Pour chaque test, noter le Policy ID dans le log History. Si ce n’est pas la politique attendue qui a traité le message, retourner au MO-10 et corriger l’ordre.

MO-17 — Traiter un spam qui passe encore (10 min par cas)

  • Récupérer le message au format .eml avec en-têtes complets.
  • Monitor > Log > History → filtrer : période, puis expéditeur, destinataire ou sujet.
  • Sur la ligne du message → icône Cross Search : lire les trois volets (session / antispam / delivery).
  • Arbre de décision :
  • Policy ID inattendu, ou profils vides → corriger au MO-10 ;
  • Mention d’un bypass → identifier la cause exacte : safe list, règle ACL SAFE, Bypass scan on SMTP authentication, Apply default action without scan, domaine exempté → corriger (MO-02) ;
  • Aucun verdict FortiGuard sur l’ensemble des logs récents → connectivité rating (MO-01) ;
  • Une seule IP source sur tout le trafic → l’IP client est masquée (MO-01bis) ;
  • Scanné mais jugé propre → soumettre le .eml sur le portail FortiGuard, puis renforcer la technique concernée : ajouter le domaine en URL rating override (MO-18bis), ajuster les poids du weighted analysis (MO-13bis), enrichir le dictionnaire, ou compléter le profil d’impersonation.
  • Consigner le cas — date, cause, action — dans le registre. C’est ce registre qui pilote le tuning hebdomadaire.

MO-18bis — Threat feeds et notation locale d’URL (45 min une fois)

Objectif : disposer d’un canal de blocage rapide et d’un mécanisme propre pour neutraliser un domaine précis.

A. Threat feeds

FortiMail consomme des listes externes de plusieurs types. Deux nous intéressent : - IP — s’associe dans la section FortiGuard > Threat feed du profil AntiSpam ; - URL filter (catégorie FortiGuard) — un URI par ligne, encodage IDN et UTF-8 supportés, wildcards * acceptés en début ou fin de chaîne. Le flux est rattaché à une catégorie d’URL, elle-même sélectionnée dans la section FortiGuard du profil.

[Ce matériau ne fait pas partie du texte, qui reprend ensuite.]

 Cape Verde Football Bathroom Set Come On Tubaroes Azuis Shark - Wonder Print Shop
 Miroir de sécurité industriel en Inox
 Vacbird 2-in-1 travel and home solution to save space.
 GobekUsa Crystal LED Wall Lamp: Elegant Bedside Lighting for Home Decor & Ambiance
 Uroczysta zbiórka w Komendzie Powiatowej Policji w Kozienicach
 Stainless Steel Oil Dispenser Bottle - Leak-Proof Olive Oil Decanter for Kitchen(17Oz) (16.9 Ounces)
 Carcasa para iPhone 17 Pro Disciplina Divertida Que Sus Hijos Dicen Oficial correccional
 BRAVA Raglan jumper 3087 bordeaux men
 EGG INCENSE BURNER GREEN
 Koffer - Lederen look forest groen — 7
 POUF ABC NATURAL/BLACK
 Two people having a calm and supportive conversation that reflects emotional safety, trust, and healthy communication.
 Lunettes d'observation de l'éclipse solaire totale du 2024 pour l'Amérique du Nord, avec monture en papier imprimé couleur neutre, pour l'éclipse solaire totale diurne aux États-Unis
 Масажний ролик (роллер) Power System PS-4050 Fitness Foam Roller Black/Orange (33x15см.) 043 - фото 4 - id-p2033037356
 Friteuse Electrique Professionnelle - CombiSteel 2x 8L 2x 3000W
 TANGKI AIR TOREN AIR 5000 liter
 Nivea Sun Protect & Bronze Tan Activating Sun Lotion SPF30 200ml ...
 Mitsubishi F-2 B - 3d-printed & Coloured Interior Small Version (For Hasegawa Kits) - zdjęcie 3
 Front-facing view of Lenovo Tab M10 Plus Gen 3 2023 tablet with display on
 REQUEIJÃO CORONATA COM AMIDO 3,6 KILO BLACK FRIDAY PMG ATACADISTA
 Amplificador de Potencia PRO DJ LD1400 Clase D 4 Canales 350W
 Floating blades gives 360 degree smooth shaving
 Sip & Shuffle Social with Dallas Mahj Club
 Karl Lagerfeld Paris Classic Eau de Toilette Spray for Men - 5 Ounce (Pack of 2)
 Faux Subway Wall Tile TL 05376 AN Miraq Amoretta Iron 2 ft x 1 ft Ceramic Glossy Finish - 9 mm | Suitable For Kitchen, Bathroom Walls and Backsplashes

  • Héberger sur un serveur web interne deux fichiers texte maintenus par votre équipe sécurité : iocs-ip.txt et iocs-url.txt.
  • Security > Threat Feed[New] : nom, type, URI du flux, refresh 5 à 10 minutes[Create].
  • Associer dans AS_ENTRANT_DURCI (MO-08 étape 3).

Bénéfice : bloquer un indicateur revient ensuite à ajouter une ligne dans un fichier versionné. Plus de modification de configuration sous pression, plus de règle orpheline oubliée, et un historique exploitable.

B. Notation locale d’URL

  • Security > URL Filter > Custom URL rating categories : créer vos propres catégories thématiques.
  • Security > URL Filter > URL rating overrides[New] : y verser les domaines identifiés lors de l’analyse de vos faux négatifs (MO-17), en les assignant à une catégorie bloquée.
  • Vérifier que la catégorie est bien sélectionnée dans la section FortiGuard > URL Category du profil AntiSpam.

Pourquoi préférer cela à un dictionnaire. Un motif *domaine-suspect.fr* matcherait aussi une discussion légitime à propos de ce domaine — typiquement vos propres alertes internes de sécurité, qui finiraient en quarantaine. L’override d’URL ne porte que sur les liens réellement présents.

Pour la procédure de crise — vague de spam en cours ou émission sortante — voir le document MO-18 — Réponse à un spam actif. Pour les checklists de conformité, voir les sections 9.x de la fiche de durcissement.

Points clés à retenir

  • Créer les profils antispam avant les politiques : les politiques référencent les profils, l'ordre compte.
  • Tester chaque MO en environnement de préproduction avant d'appliquer les changements en production.
  • Documenter les configurations en exportant la config CLI après chaque modification significative.
  • Activer l'audit trail FortiMail pour tracer toutes les modifications de configuration via GUI.
  • Vérifier systématiquement les compteurs de correspondance de politique 24h après chaque changement.